Many of the firm’s equity-heavy strategies delivered a gross return (before fees) of “well over 10%”, according to the firm’s statement.
It is not known what the firm meant by “well over”. However, even simple investment strategies benefitted during the same time period. A passive index fund tracking the MSCI AC World Index, for example, would have returned 11.8%, according to FE.
“We see ourselves as more of a risk manager than a pure performance manager,” explained Christian Nolting, global CIO and head of wealth discretionary business, in a statement. “This is a key part of our well-established investment process.”

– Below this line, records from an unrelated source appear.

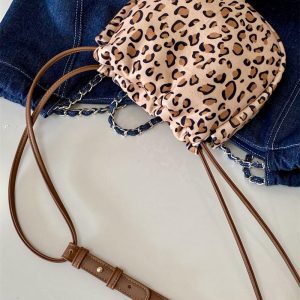 Women's Casual Minimalist Leopard Print Canvas Crossbody Bag - Versatile Small Bag for Spring and Summer 2025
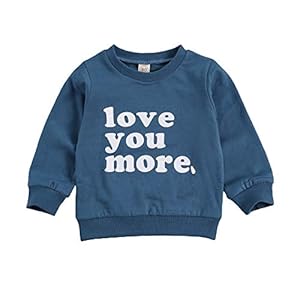 Toddler Baby Boy Girl Valentine ‘s Day Sweatshirt Love You More Pullover Tops Casual Unisex Baby Clothes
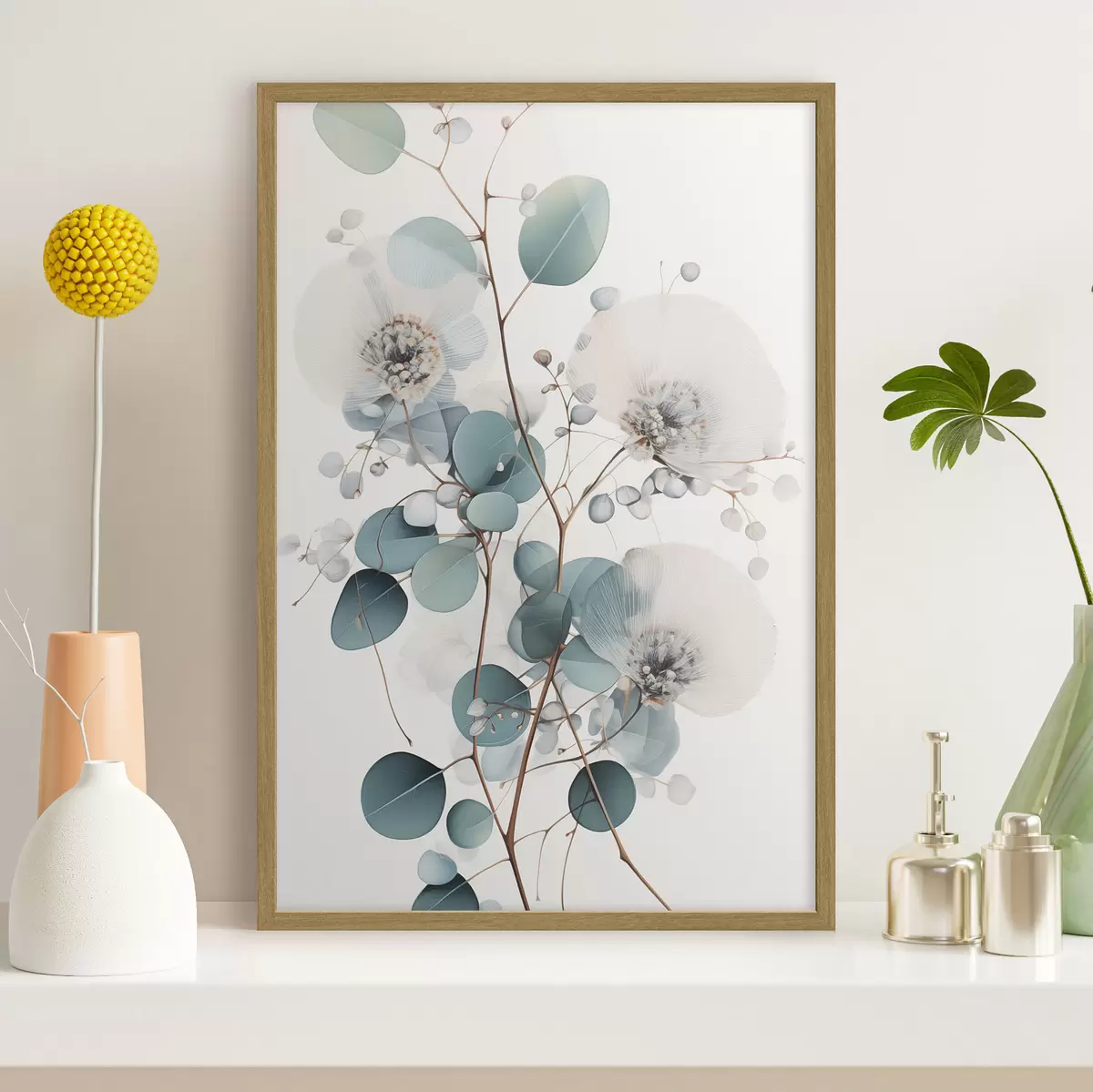 Poster Eukalyptus-Blüten mit weißen Blütenblättern, gedeckten grünen Blättern an Zweigen f45946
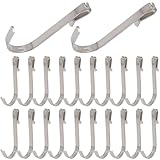 Luomorgo 20 Pcs Stainless Steel J Hooks - Heavy Duty Clip-On Hangers for Wire Shelving, Racks, Organizer for Kitchen, Pantry & Garage (Silver)
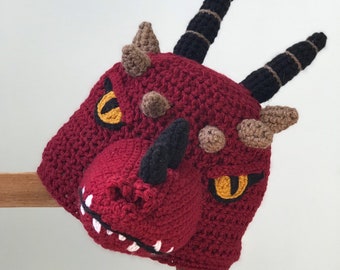 Dragon Hat, Crochet, Beanie, Red Dragon, SciFi, Fantasy, Winter Hat, Gift, Halloween, Christmas, Men, Women, Boys, Girls, Cosplay, Birthday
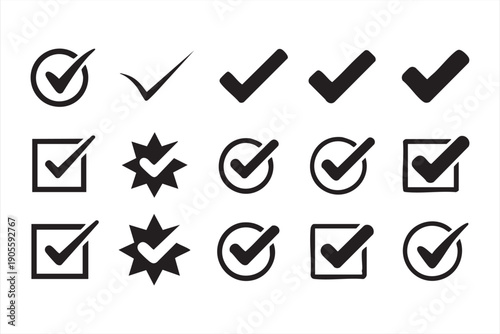 Accepted and Passed Checkmark Line Icons for Workflow Tools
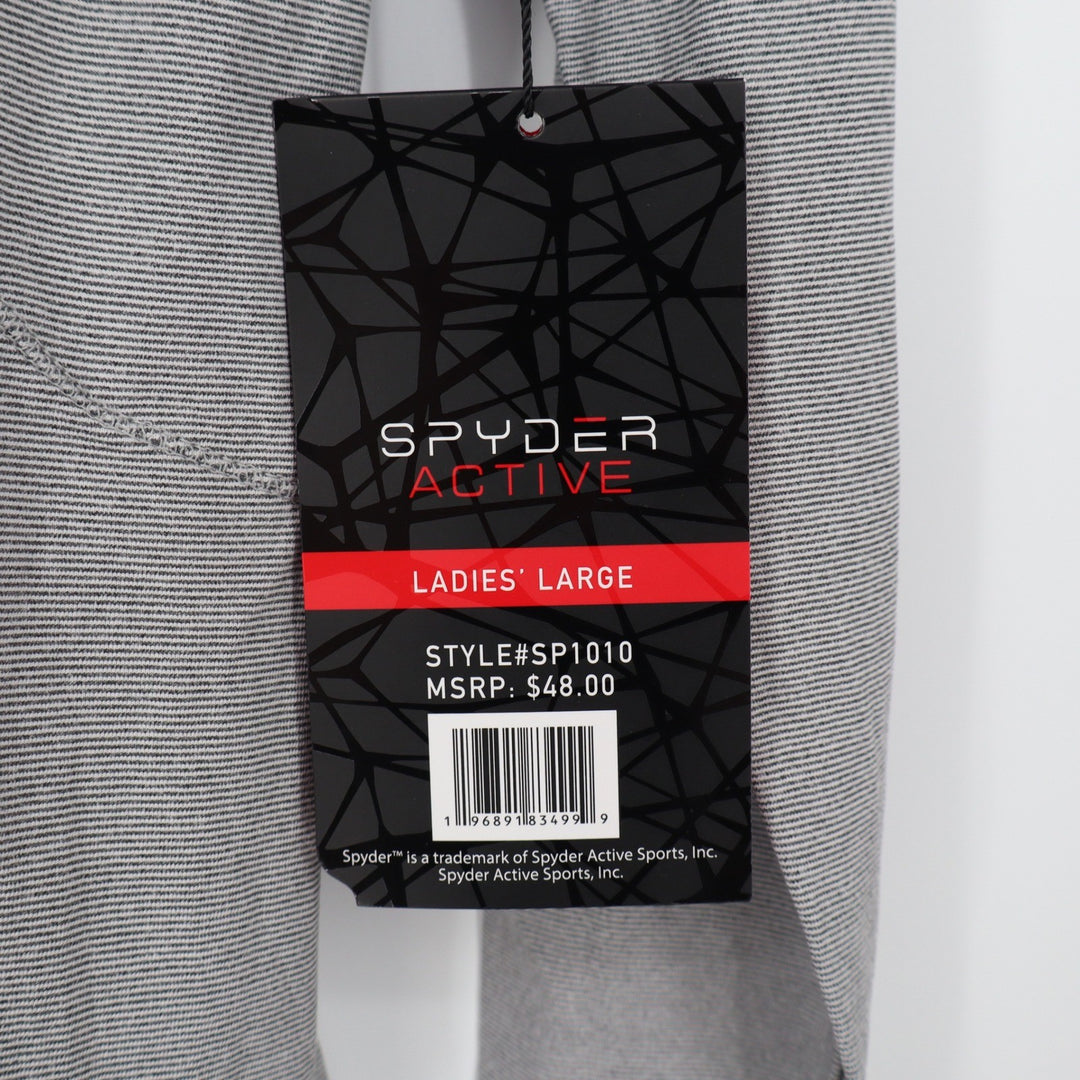 Spyder Active Womens Grey Micro Stripe Long Sleeve Performance Top Large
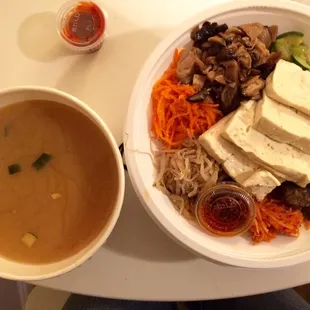 Tofu noodle bowl and miso soup!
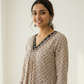 Handcrafted Cotton Kurta Palazzo Set with Mirror-Detail Neckline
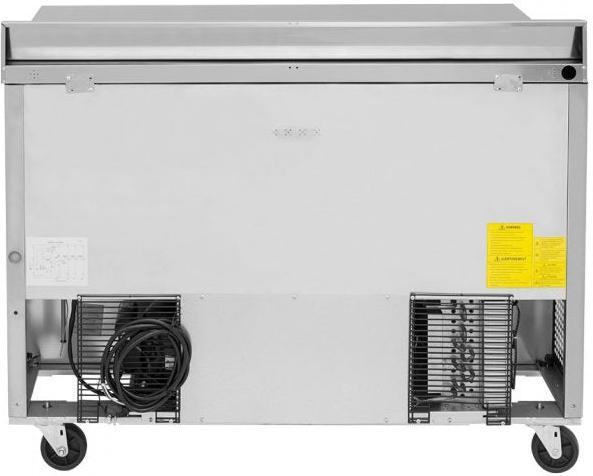 Turbo Air - Super Deluxe 48.25" Silver Two-Section Worktop Refrigerator-Drawer With One Door, 2 Drawers and 1 Shelf - TWR-48SD-D2-N (ETA 5-6 Weeks)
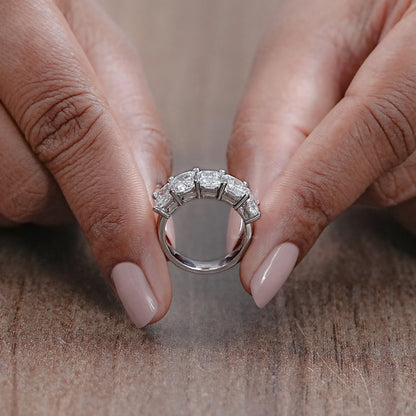 Five Stone Radiant Lab Diamond Wedding Ring Ring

Close to 90% of Deutsche’s bond strategies outperformed their benchmarks in the first half of the year, noted the firm in the statement, adding that in other categories, such as “cautious” and “unconstrained”, the percentage of outperforming strategies was “even higher”. No figures were provided.
The firm’s unconstrained strategies for client portfolios have returned above 8% since inception in 2015, Nolting said. However, the 8% figure will be lower for the investor because it is gross of fees.
By comparison, a low fee index fund tracking the Bloomberg Barclays Global Aggregate Bond Index would have delivered a 7.02% return in US dollar terms since 1 July 2015, according to FE.
Globally, the AUM of the Deutsche’s wealth management division was €304bn ($332bn) on 31 March 2017. Around 16% of that is managed within discretionary strategies, according to Tuan Huynh, CIO and head of wealth discretionary for Apac at Deutsche Bank Wealth Management.
Bond strategies account for approximately 50% of the discretionary business, while equity and unconstrained categories make up around 25% each, noted Huynh in an email to FSA.
Asia accounts for “low single digits” of the bank’s discretionary wealth management business, he added.
The region’s financial hubs in Hong Kong and Singapore account for less than 2% of the bank’s approximately 20,000 discretionary client accounts globally.